▸ Records for the exercise
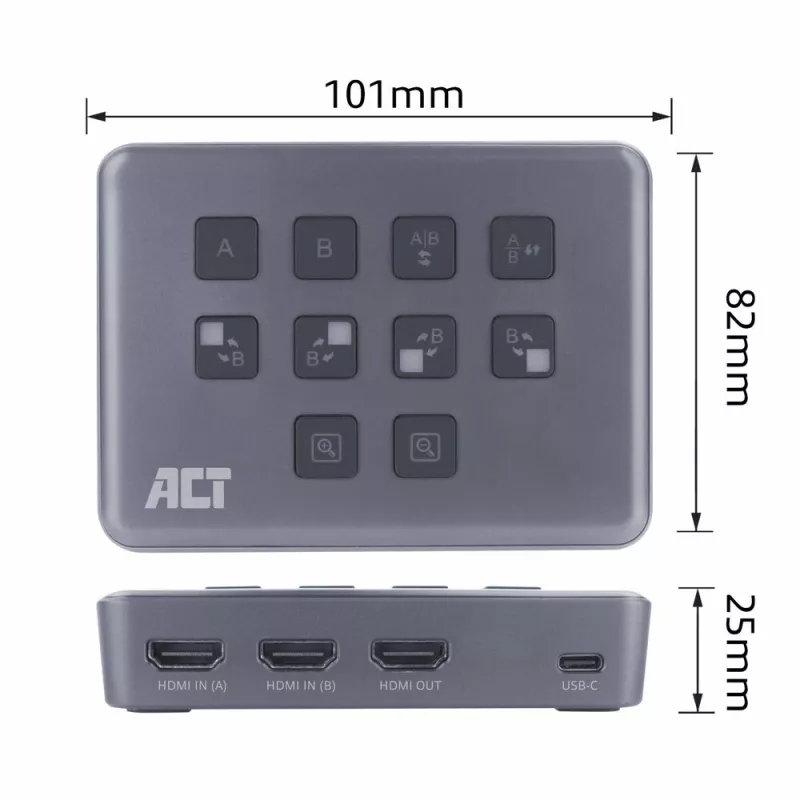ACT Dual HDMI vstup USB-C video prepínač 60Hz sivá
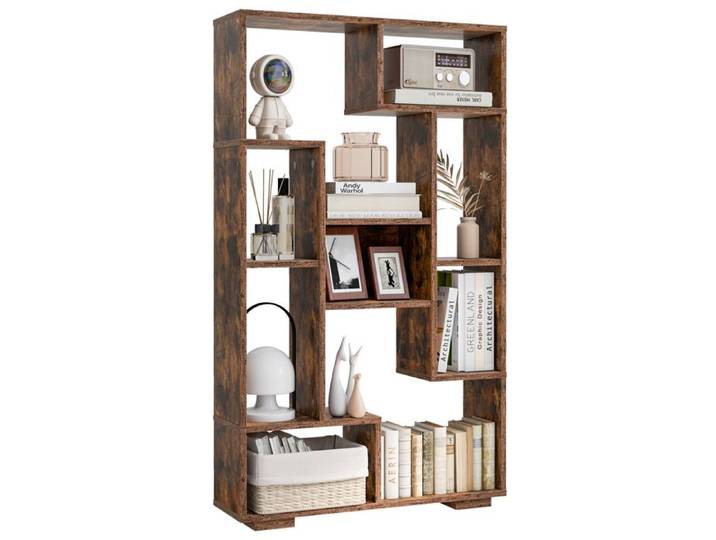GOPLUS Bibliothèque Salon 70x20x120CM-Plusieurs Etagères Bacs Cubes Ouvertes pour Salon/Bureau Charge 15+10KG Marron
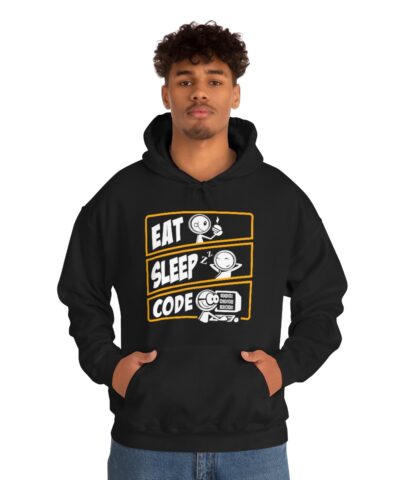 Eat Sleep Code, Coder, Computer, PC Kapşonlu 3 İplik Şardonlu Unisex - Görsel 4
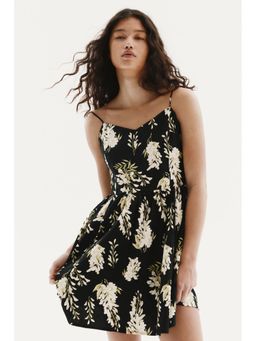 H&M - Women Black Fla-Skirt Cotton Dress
* * *
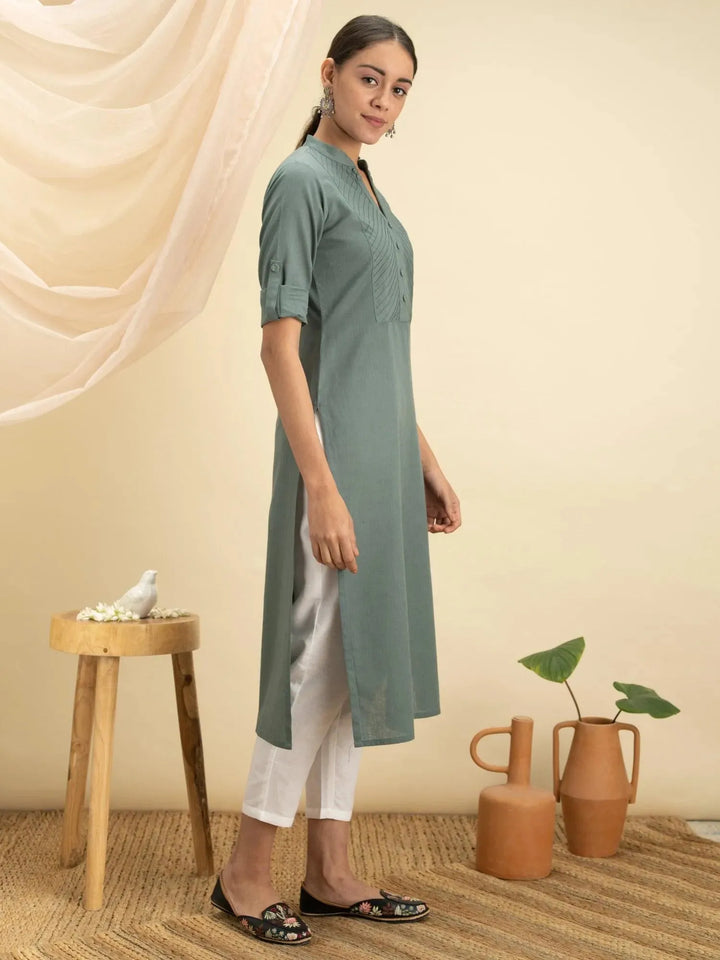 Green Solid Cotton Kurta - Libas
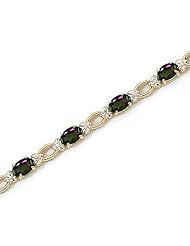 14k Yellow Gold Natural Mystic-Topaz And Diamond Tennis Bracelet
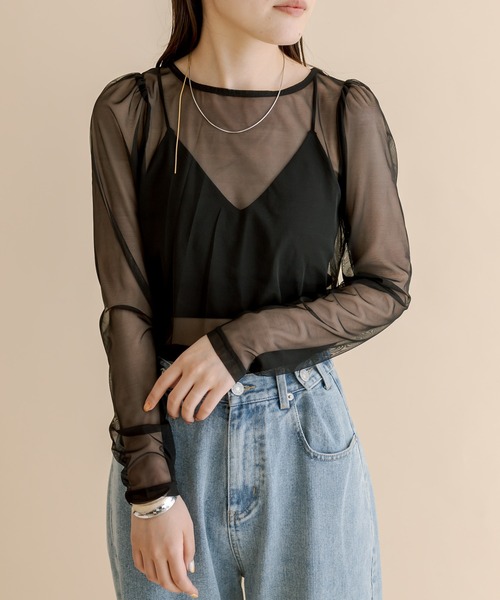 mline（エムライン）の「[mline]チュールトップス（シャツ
==
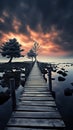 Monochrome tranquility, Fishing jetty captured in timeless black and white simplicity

▸ Problem to work on
Please repeat, exactly as written, the lines in the records above, starting with the one that has "Green Solid Cotton Kurta - Libas" and going on through the one that has "mline（エムライン）の「[mline]チュールトップス（シャツ". Pictures are to be left out.

▸ Finished task
 Green Solid Cotton Kurta - Libas
 14k Yellow Gold Natural Mystic-Topaz And Diamond Tennis Bracelet
 mline（エムライン）の「[mline]チュールトップス（シャツ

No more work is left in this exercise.